I’ve written before – both here in my blog and at length in my choral conducting book – about the ideas of David McNeill on speech-accompanying gesture (pdf), and how they can help us understand conducting. But I also find them interesting from the perspective of the singer in performance. Whether and how much to gesture is dilemma that singers routinely face: too much hand movement can be distracting, while keeping the hands completely still can seem unexpressive.

McNeill sees gesture as the imagistic half of a total thought. Ideas originate in what he calls the ‘growth point’ – a moment of instability, of disturbance which separates itself from the cognitive background. To develop into a thought, the growth point erupts in two dimensions: the analytic/syntactic/sequential (words coming out to form a sentence) and the synthetic/imagistic/simultaneous (gestures coming out to encapsulate the whole idea). These two dimensions are very reliably coordinated, with the main beat of the gesture arriving either simultaneouly with the key word of the sentence, or just before, being held until the key word is said. McNeill derived this theory from detailed, repeated observation of how people express their ideas, and also the effects on their expression when the process is inhibited or disrupted.

So, the first aspect that transfers to the performing singer is the effect of preventing gesture. Empirical studies have shown that when people are prevented from using their hands as they speak, two things happen: they use their faces more actively, and their verbal imagery becomes less varied and interesting. This explains why singers can seem under-expressive if they discipline themselves to keep their hands completely still – as gesture is part of thought, inhibiting gesture makes it hard to think. And one does see recitalists with still hands but over-active faces too. So removing gestural distractions from the performance by sheer brute force may be artistically counter-productive.

But the distractions are still an issue of course. And McNeill gives us scope to analyse the problem in two dimensions. The first is the frequency of the gestures. Song-accompanying gestures are distracting when they are busy, when they arrive every bar or even more often – and the reason they are distracting is that they invite us to think of each little unit of musical material as a separate thought rather than taking in the sense of the whole. These frequent gestures thus tell us that the singer is in very local, short-range passages of musical time – and ones which quite possibly cut against the sense of the words. The way to deal with this is therefore to help the singer think in larger units, and identify the focal points on a broader scale, not just pin their hands down.

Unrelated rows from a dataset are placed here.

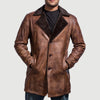 Cinnamon Distressed Leather Fur Coat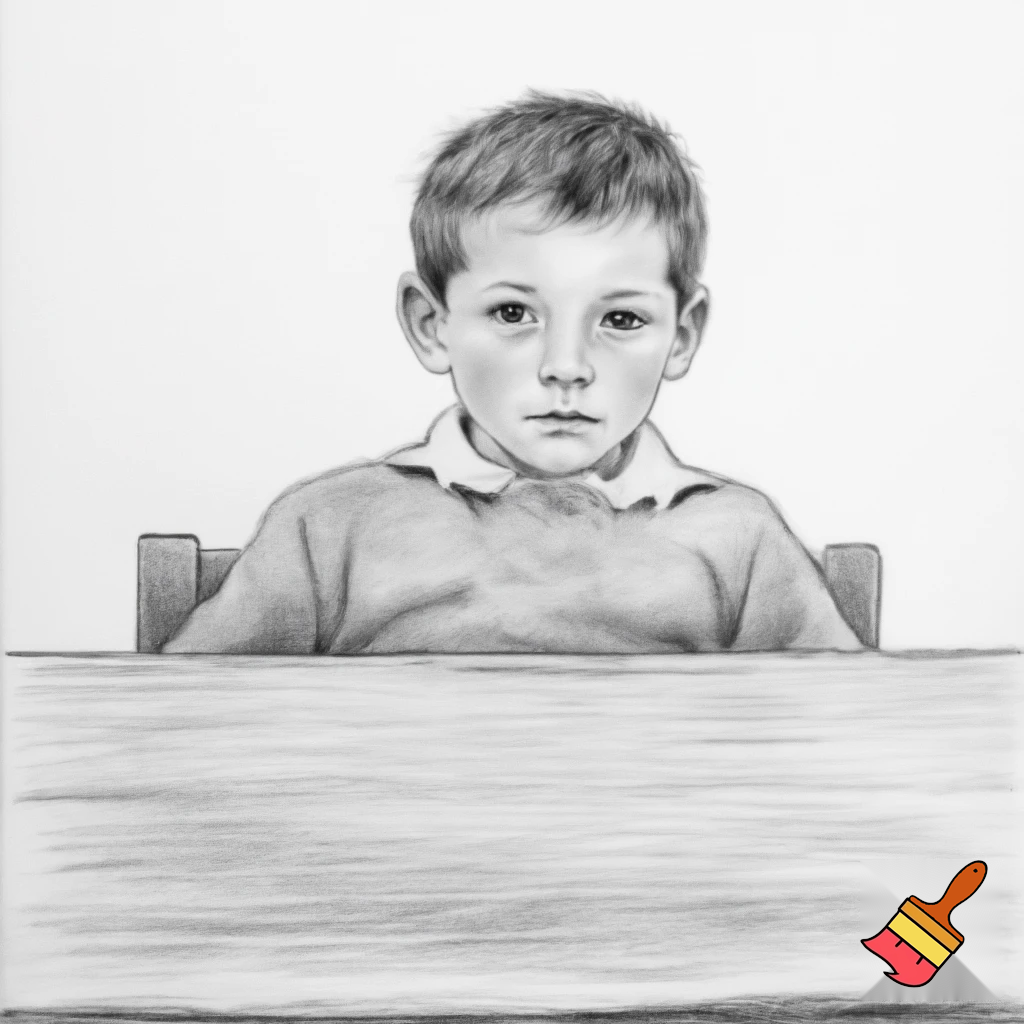 A school boy sitting on the chair looking in front and made with pencil sketch .no colour and in white background with a table in front on him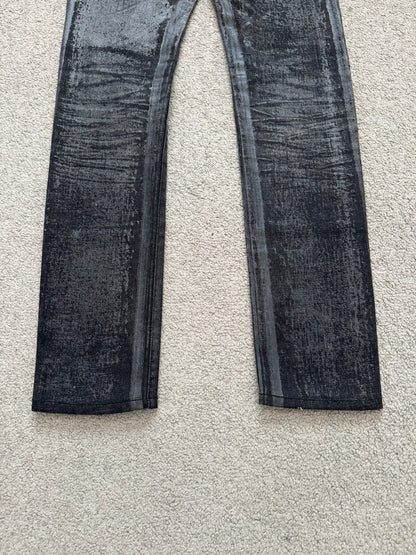 AW08 Dior Homme “Luster” Black Waxed Clawmark Denim Jeans
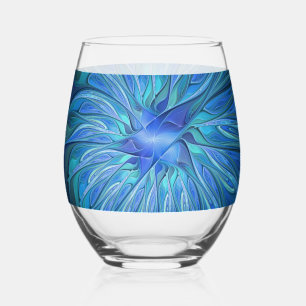 Blue Flower Fantasy Pattern, Abstract Fractal Art Stemless Wine Glass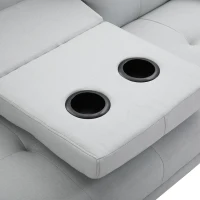 HOMCOM Schlafsofa, 3-Sitzer-Sofa, Bettsofa mit Klappbarem Tisch, Stoffsofa mit Leinenoptik, Schlafcouch mit Becherhalter, im Skandi-Design, bis 250 kg Belastbar, Hellgrau(m-8)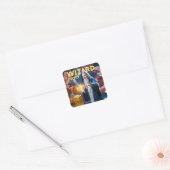 Fantasy Schattige Wizard Daily Magazine Vierkante Sticker (Envelop)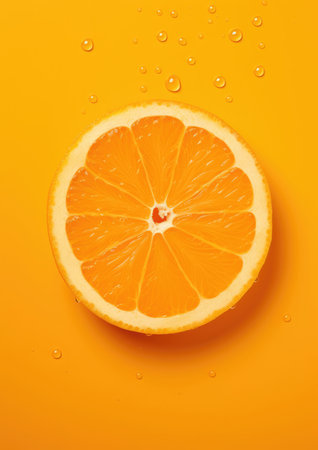 Food yellow background slice cut healthy ripe fresh orange juicy fruit organicの素材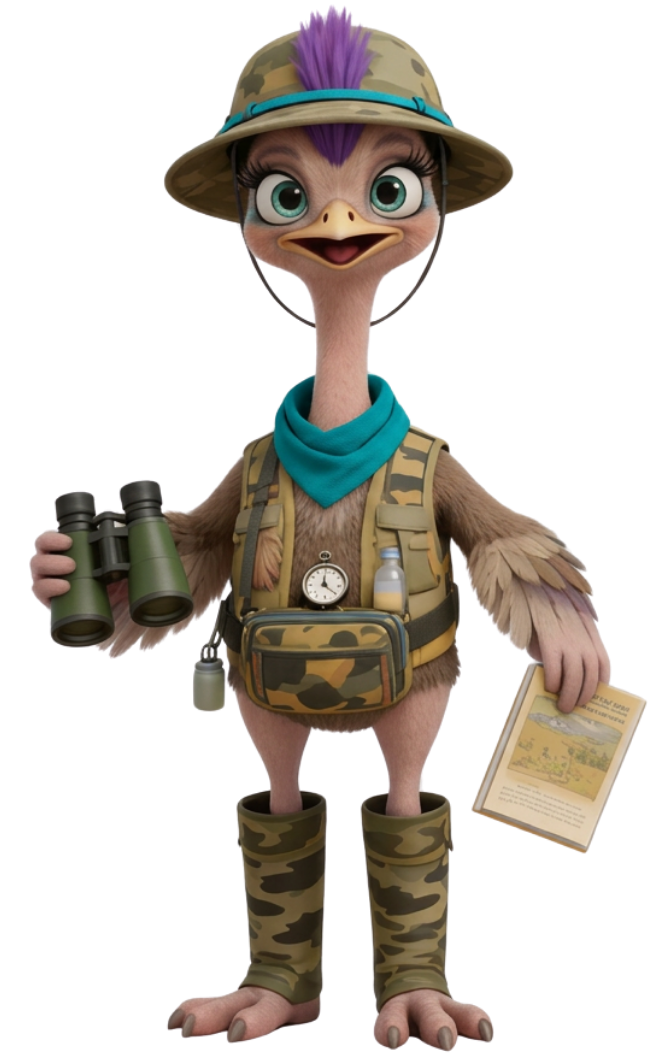 Cartoon of an ostrich wearing a safari hat with its neon purple hair sticking out a slit in the hat. It wears camouflage vest and gaiters, while carrying binoculars and a map.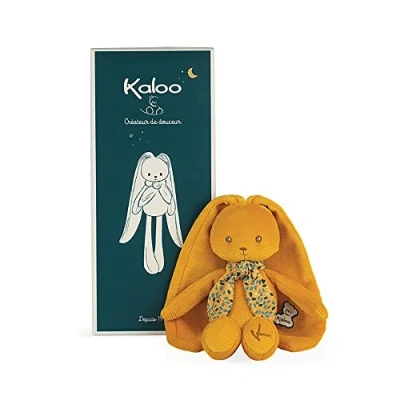 Image of Kaloo Lapinoo Rabbit Doll Baby’s Corduroy Soft Toy 13.8&quot;/35 cm Ochre Colour Ultra material Gift Box From Birth Onwards K972200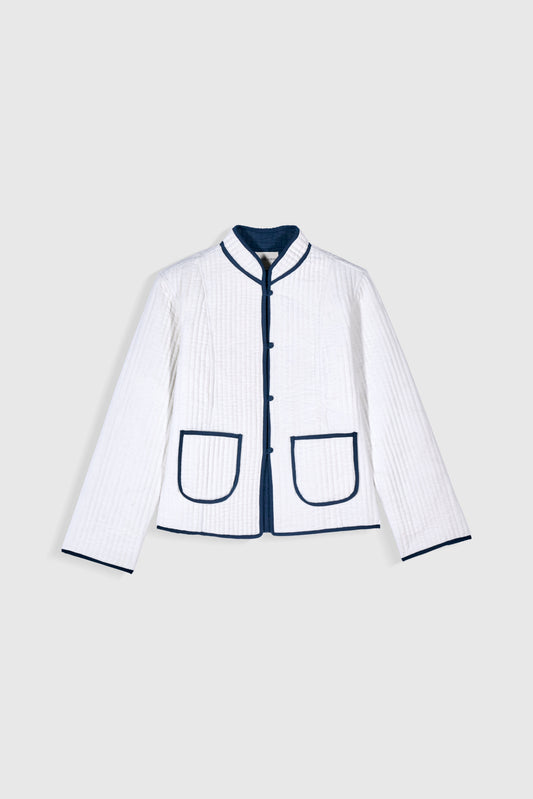 Maria de la Orden | Fittonia Quilted Velvet Jacket - Navy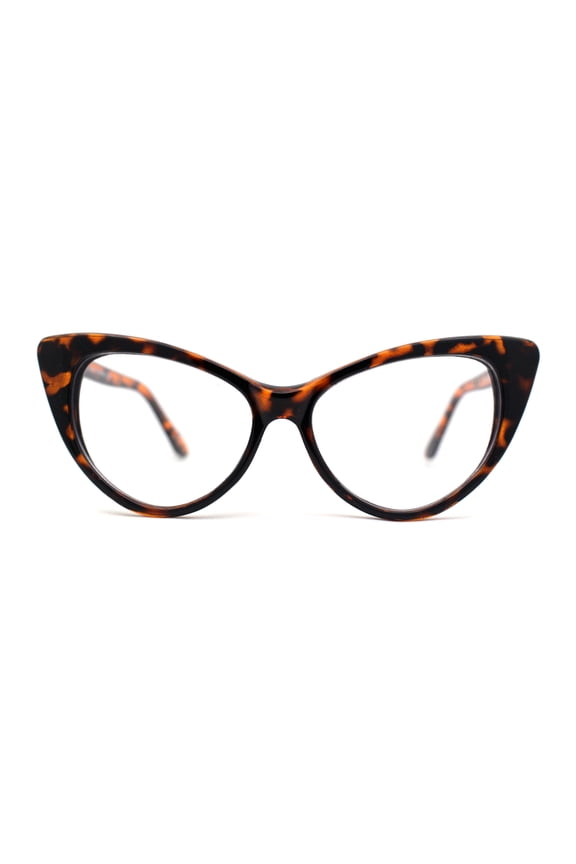 Classy Iconic Gothic Cat Eye Clear Lens Plastic Eye Glasses Tortoise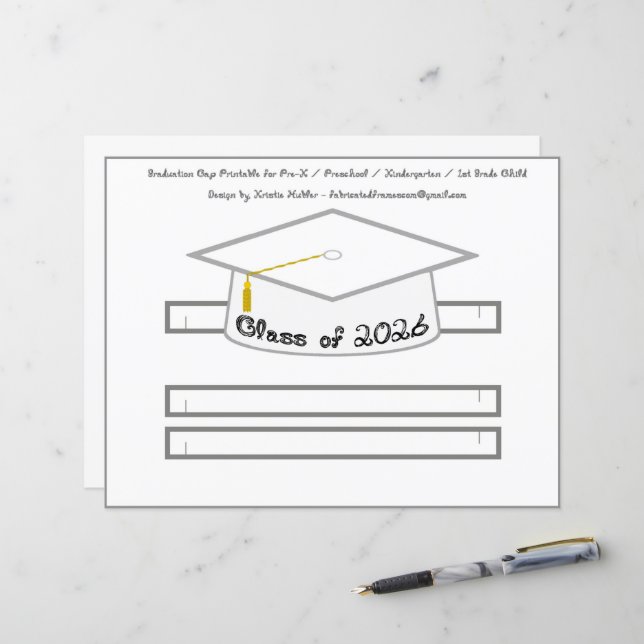 Graduation Cap White Party Hat 2026 Black Font (Front/Back In Situ)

The second is form of the gesture. McNeill tells us that the greater the growth point differentiates itself from the cognitive background, the more elaborate the gesture is. That is, surprising thoughts produce more extravagant gestures. Now, singers who gesture over-frequently often also display very little variety of form in their gestures. They will often be quite a generalised, circular motion, endlessly repeated, with the only differentiation that of size. This tells us that they’re thinking about the music in a somewhat generic way – and indeed, it could be that if you’re thinking primarily in very small chunks of music, there aren’t very interesting thoughts to have about it. Developing a more architectonic approach to both music and words will throw the attention onto what are the really surprising moments in the overall narrative.

In both of these cases, you can use the idea of the growth point and its unfolding to aid the mental process of developing a longer-range understanding of the music. It’s easier to have a thought if you join in with the gesture that it produces (which is why people coordinate their movements in conversation – it makes mutual understanding easier). So, developing your gestural approach to a piece integrally with your musical and poetic conception of it should aid both the your control over what you’re doing as a singer and the audience’s understanding of your interpretation.